━━━ MATERIAL PROVIDED ━━━

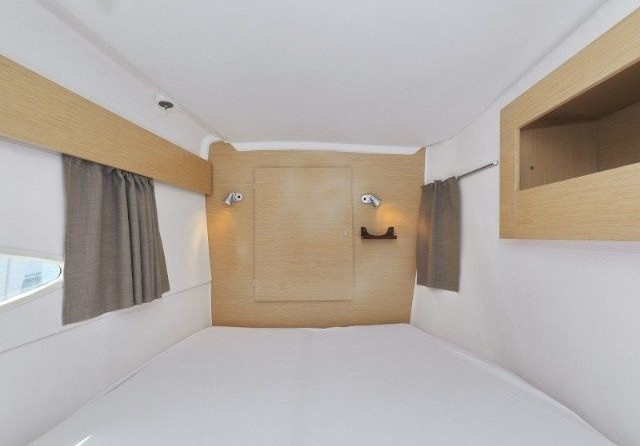 Fountaine Pajot Lipari 41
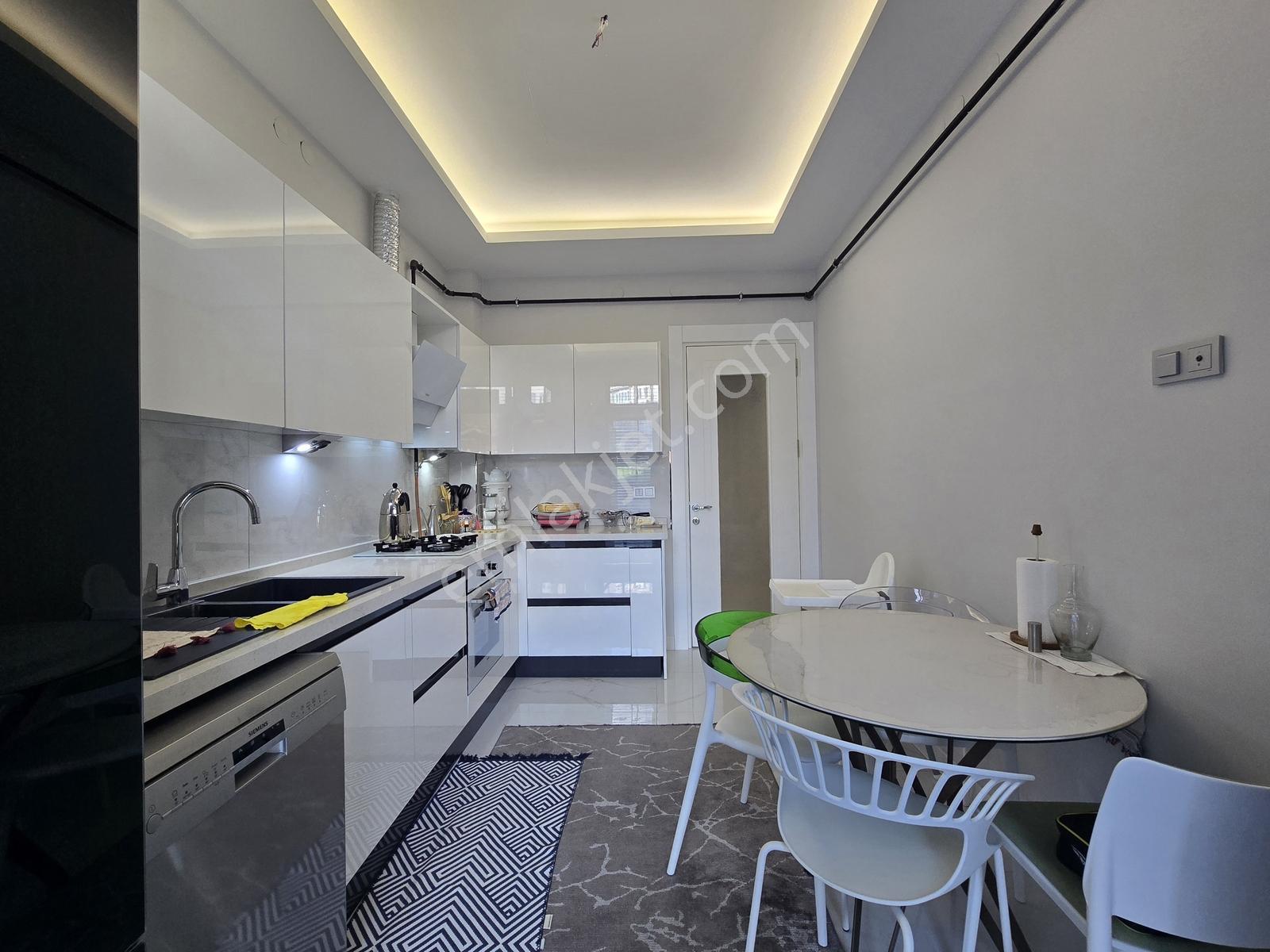 Rw Nest'ten Batıkent Mh Site İçi, Şahsi Garajlı Satılık Lüks 2+1 - Görsel 22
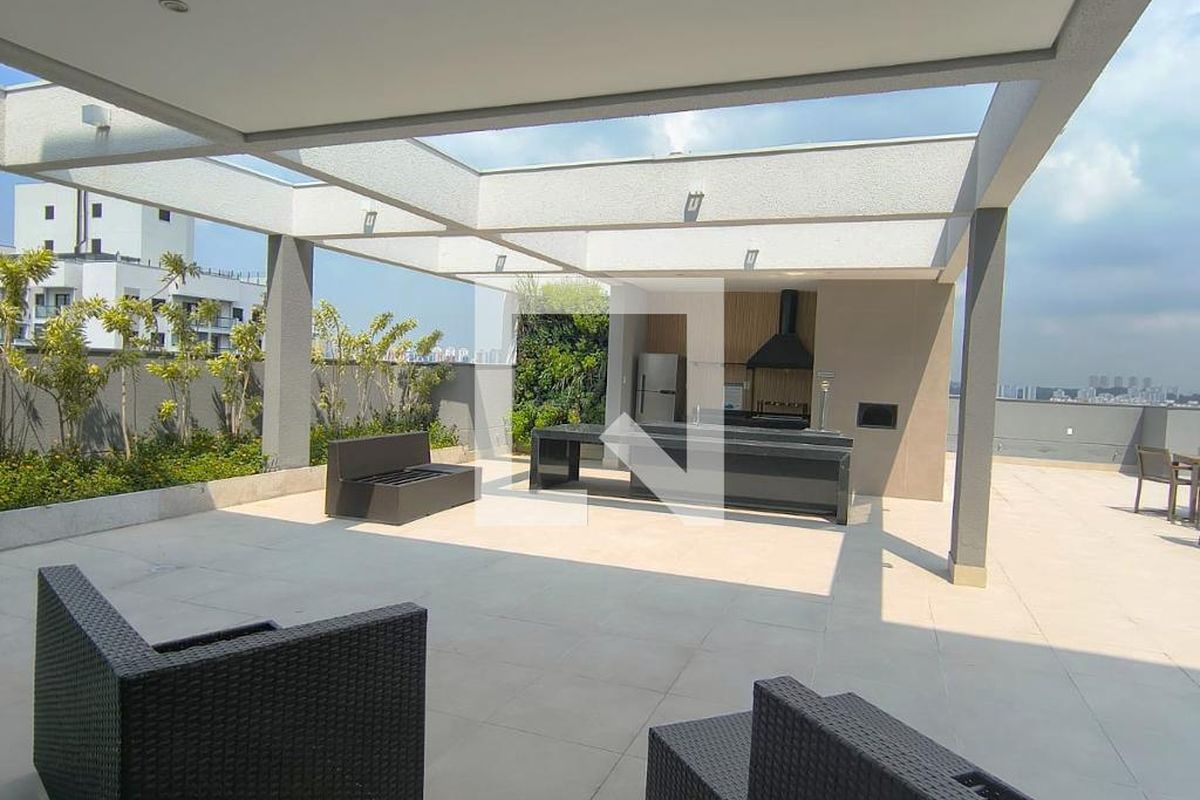 Apartamento, 3 quartos, 70 m² - Foto 31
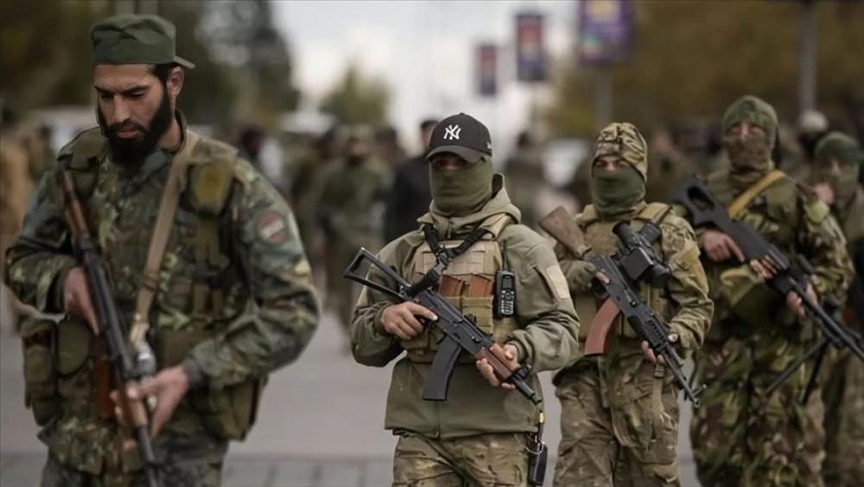 سوريا تتصل بالجيش العراقي بعد انطلاق 5 صواريخ من نينوى نحو الحسكة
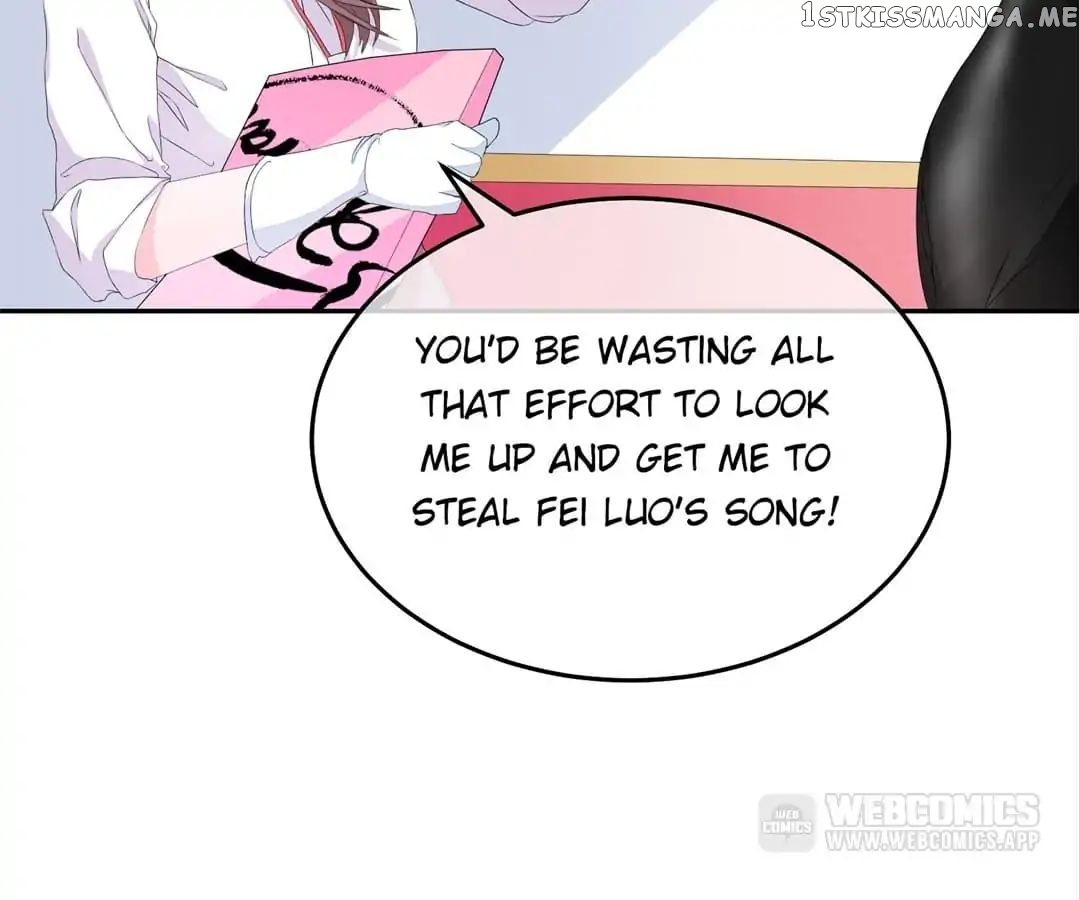 One Kiss A Day chapter 15 - page 7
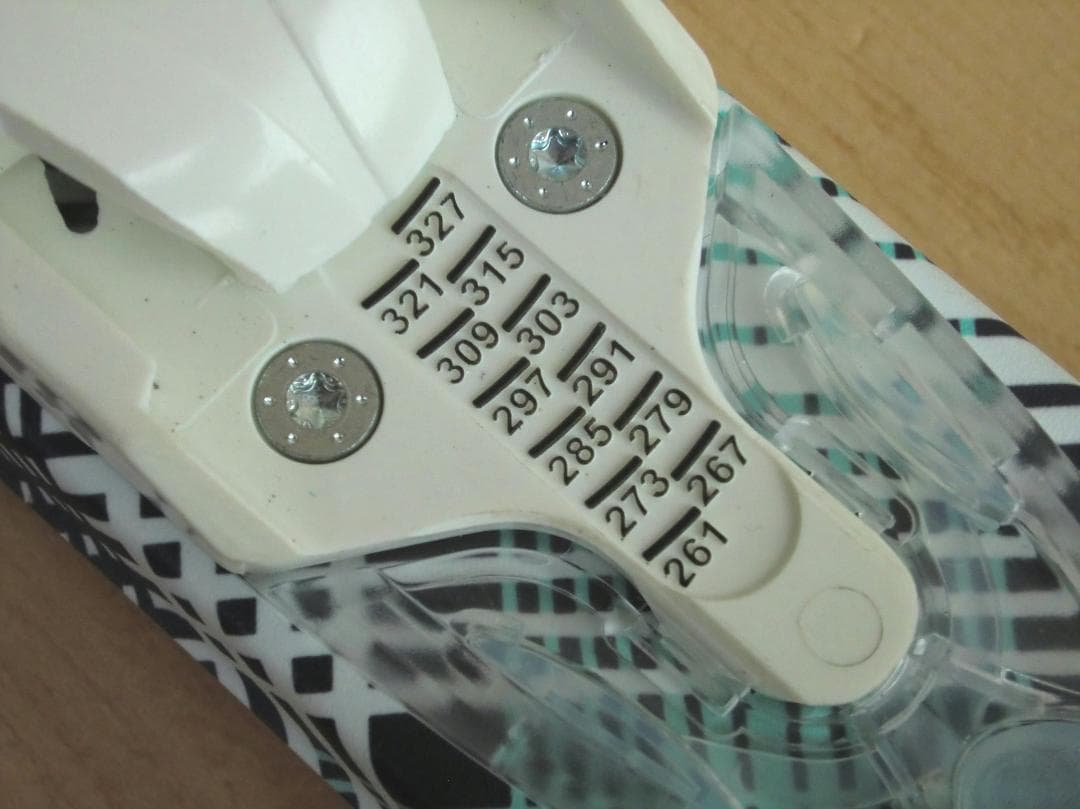 ■■11月限定■送料無料■Hart■女性用スキーセット■150/25■WAX■■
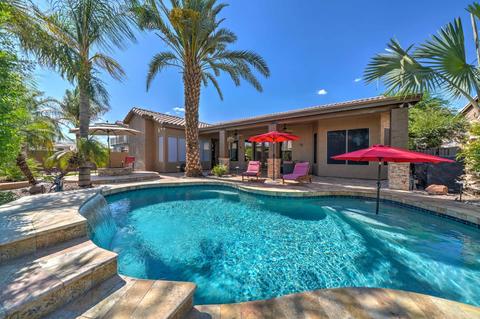 1701 E Campbell Ave, Gilbert, AZ 85234 photo 1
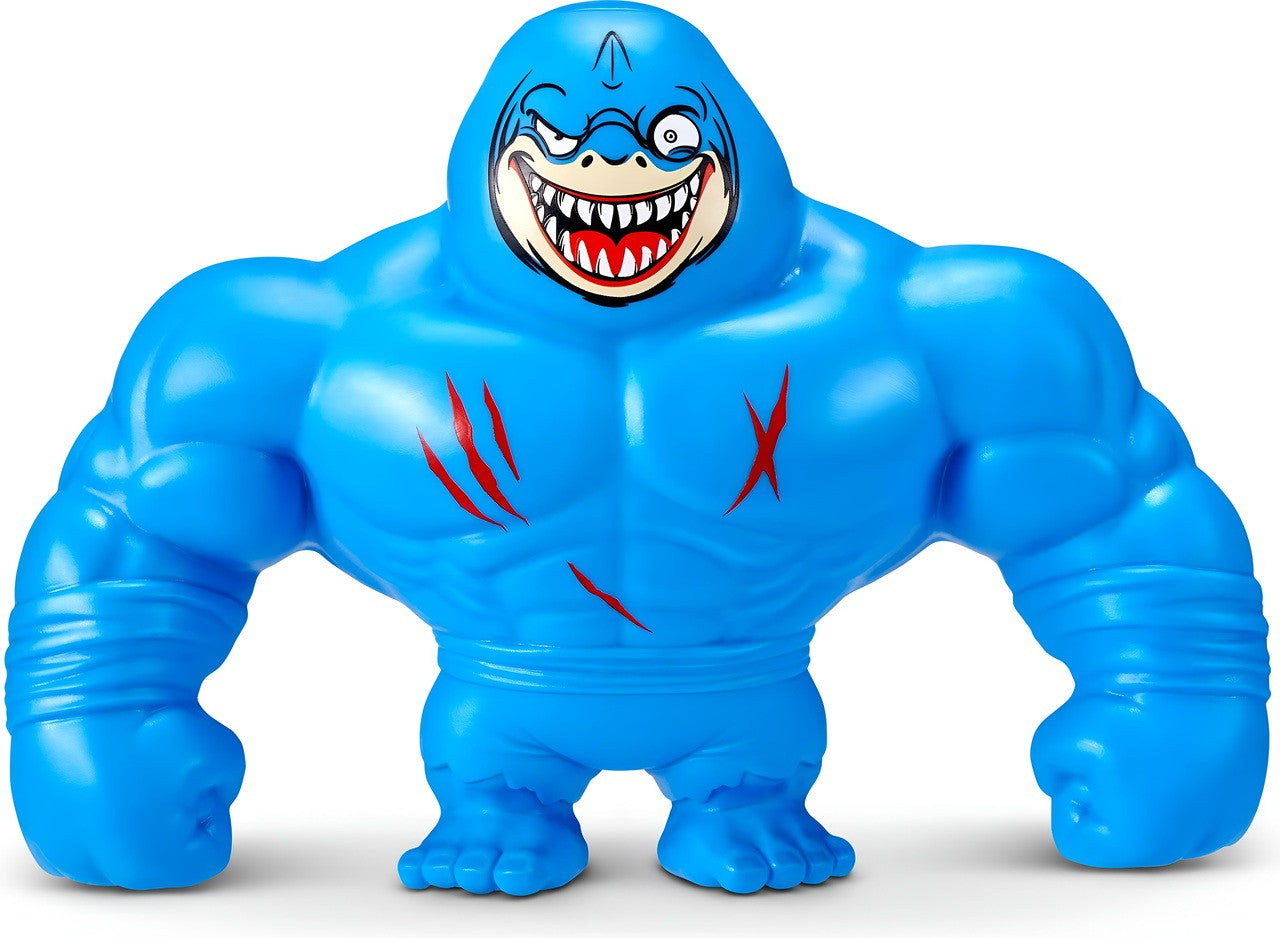 SMASHERS SPLAT HERO S1 SHARK/REDMAN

━━━

WHAT THE TASK REQUIRES:
The material above is to be set down exactly, with pictures removed.

PROBLEM SOLUTION:
 Fountaine Pajot Lipari 41
 Rw Nest'ten Batıkent Mh Site İçi, Şahsi Garajlı Satılık Lüks 2+1 - Görsel 22
 Apartamento, 3 quartos, 70 m² - Foto 31
 سوريا تتصل بالجيش العراقي بعد انطلاق 5 صواريخ من نينوى نحو الحسكة
 One Kiss A Day chapter 15 - page 7
 ■■11月限定■送料無料■Hart■女性用スキーセット■150/25■WAX■■
 1701 E Campbell Ave, Gilbert, AZ 85234 photo 1
 SMASHERS SPLAT HERO S1 SHARK/REDMAN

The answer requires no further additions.